İstisnai kuralların devletlerin keyfi yorumuna ve tek taraflı beyanlarına terkedilmesi de önemli bir sorundur. 15 Temmuz 2016 tarihli darbe girişimi sonrası Türkiye Cumhuriyeti tarafından Avrupa Konseyi Genel Sekreterliği ve Birleşmiş Milletler Genel Sekreterliğine yapılan derogasyon bildirimi bu duruma iyi bir örnek teşkil eder. Bu bildirimle Türkiye, 21 Temmuz 2016 tarihinde olağanüstü hâlin yürürlüğe girmesiyle birlikte, Avrupa İnsan Hakları Sözleşmesi ve Birleşmiş Milletler Medeni ve Siyasal Haklar Sözleşmesinden doğan yükümlülükler bağlamında daha az güvence sağlanabileceğini ilan etmiştir. Bu bildirim iç hukukta işkence dahil pek çok hukuksuzluğa adeta meşruiyet kazandırmış ve hukuksuzlukları kolaylaştırmıştır.

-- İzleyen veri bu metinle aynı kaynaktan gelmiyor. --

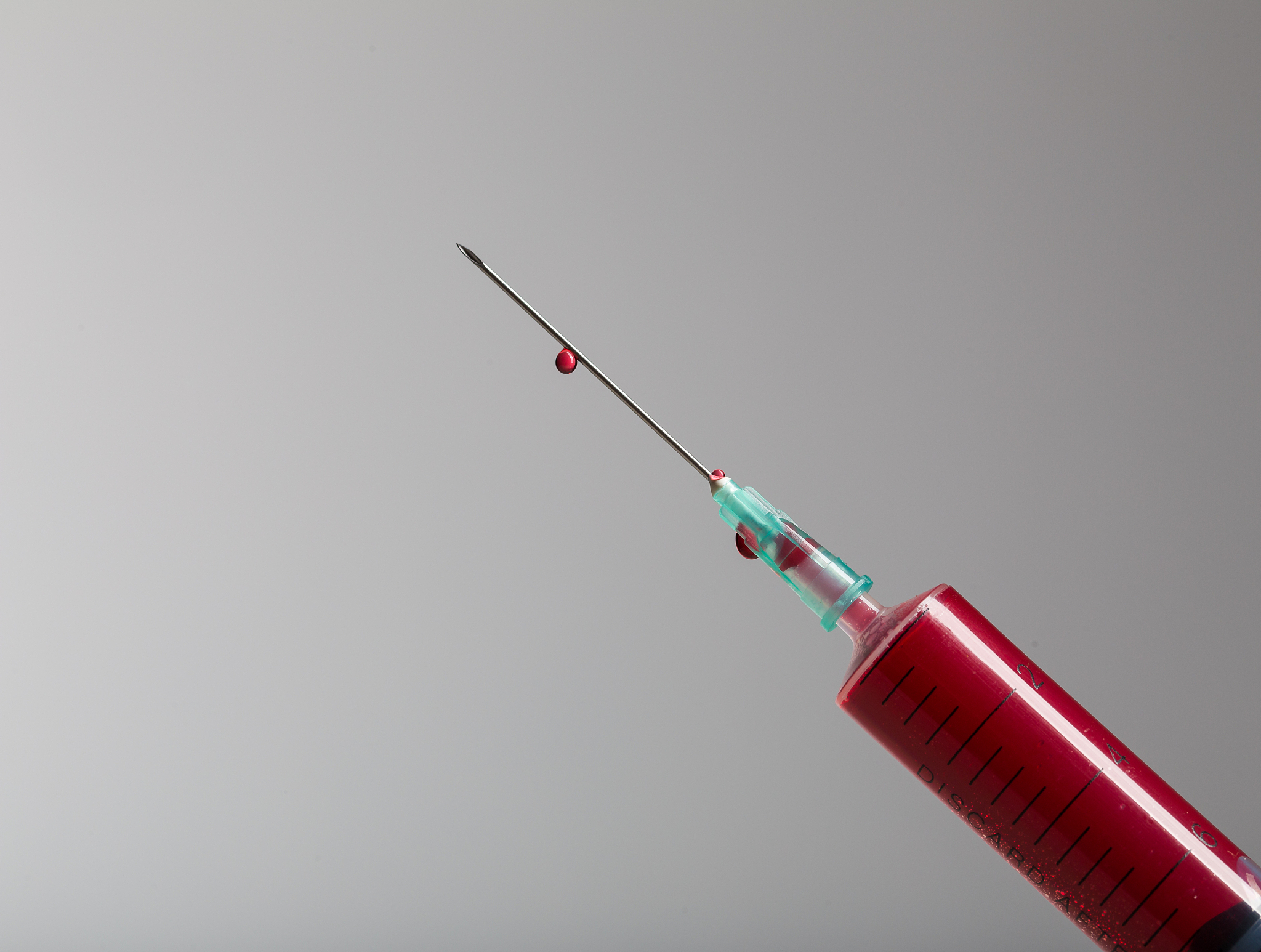 close up of a single drop of blood hanging at the end of a needl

Uluslararası kurumların; sonuç itibariyle kendisini oluşturan devletlerin sağladığı bütçeyle ayakta durması, hak ihlaline maruz kalan birey ya da topluluk yerine hak ihlali yapan devleti muhatap alması ve onlarla karşılıklı etkileşimlerinin bulunması bugün artık alenen ortaya çıkmış bir gerçektir. AİHM kararlarına göre en çok hak ihlali yapan devletler (Rusya ve Türkiye gibi) Avrupa konseyi verilerine göre önemli oranda AİHM bütçesine katkı yapmaktadırlar.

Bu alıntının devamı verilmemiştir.